Police also were threatening to search his home for Tiananmen-related materials, he added.
Another dissident, Jiang Qisheng, told AFP that police had been stationed at his Beijing home around the clock and were following him everywhere.
Jiang, a philosophy professor, was jailed in 1999 for four years on subversion charges for calling on people to commemorate the 10th anniversary of the crackdown.
Bao Tong told AFP earlier this month that he saw no sign China's leadership would ever offer justice to those killed or jailed over the protests.
"(This) has had a seriously negative impact.
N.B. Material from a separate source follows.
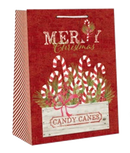 Accented Farmhouse Giftbag - - The Country Christmas Loft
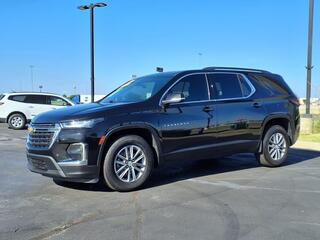 2022 Chevrolet Traverse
It has made China a country with no voice.... a country in which no one can demand fairness," he said.
He also faulted the rest of the world for being too afraid to pressure a rising China to seek reconciliation over Tiananmen.
"A government that is not responsible to its own people cannot be responsible toward the rest of the world," he said.
His son Bao Pu is a Hong Kong-based publisher whose firm is issuing the Chinese version of Zhao's secret memoir, which offers a behind-the-scenes look at the events leading up to the decision to use force against the protesters.
Zhao also called for a transition away from one-party rule and towards multi-party democracy.
Bao Tong had agreed to leave Beijing before the English version of "Prisoner of the State" came out in mid-May, his son said, adding that his father was taken to Huangshan, a scenic mountain region in eastern China's Anhui province.
He was scheduled to return to Beijing on June 7.